By Jannie Vaught
Today with sunny warm skies and a looming heavy wind and a cold front coming into side swipe us I had to turn on my water taps and attempt to hydrate the dust. Mainly the trees with leaves. I went to the Texas A&M website to have a look at what may be coming our way for spring. December was the “Hottest” on record in 130 years. We were casually joking about how warm is, whether you have on a coat or a light jacket.

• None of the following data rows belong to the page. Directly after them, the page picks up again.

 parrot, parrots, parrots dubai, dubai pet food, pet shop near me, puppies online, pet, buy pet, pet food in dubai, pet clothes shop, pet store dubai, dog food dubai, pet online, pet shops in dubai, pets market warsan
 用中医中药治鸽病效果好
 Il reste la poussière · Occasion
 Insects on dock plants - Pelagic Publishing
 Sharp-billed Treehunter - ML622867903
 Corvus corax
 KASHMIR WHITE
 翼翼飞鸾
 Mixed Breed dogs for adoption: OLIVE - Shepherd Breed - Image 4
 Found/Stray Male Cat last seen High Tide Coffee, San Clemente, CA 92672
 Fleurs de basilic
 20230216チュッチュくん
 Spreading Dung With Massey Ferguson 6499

While this was happening I was watching the soil dry to a point of concern. Then today with the wind which further drys everything I had to get some answers. I went online to Texas A&M to have a look. What was repeated was “Drier winter weather patterns expand drought conditions”. There is a map of the 12 Texas A&M Agri-life extension districts. You can have a look at this site and see there are plans being done for this coming year. As a small gardener, how does this affect my plans for spring and summer growing? It changes the design and plans totally.
Do you have rainwater storage? D
Do you have a soaker system with timers installed to direct the water to each plant?
What am I going to plant?
Drought and heat resistant varieties are #1.
And are we going to have early warm temperatures?
If the soil warms up and I can plant early with the possibility of having to use frost cover I am considering that as a “Fast Track” to get the garden in and get it harvested. This gets me to really research the day’s to harvest timing for each plant. This is on each seed package and easy to reference if you have the variety name. I did have great success with planting by the Moon and will continue to use this chart, I’ll keep the Framers Almanac close at hand for reference. We are close to onion planting time and here in our zone, we grow short-day onions. Again we are needing to be paying attention to our soils, our moisture, and how we are going to plan for the spring. It may be a smaller garden with deeper mulch to hold in moisture, the use of row covers for heat and insect control, and laying soaker hose under weed cloth.
Start now doing your research for growing in dry conditions and looking at container gardens that are movable and more water controlled. Such as Green Stalk. Planting potatoes in large deep buckets. Also, think about areas with partial shade as a better location for those tomatoes I have found this to be slower but I do get a harvest. And there is always the true enough experience it may rain and we could have a cooler spring but it is best to plan for conditions that are now. And that is” It is dry! “
We are planning for a dry season to come but hoping for some rain.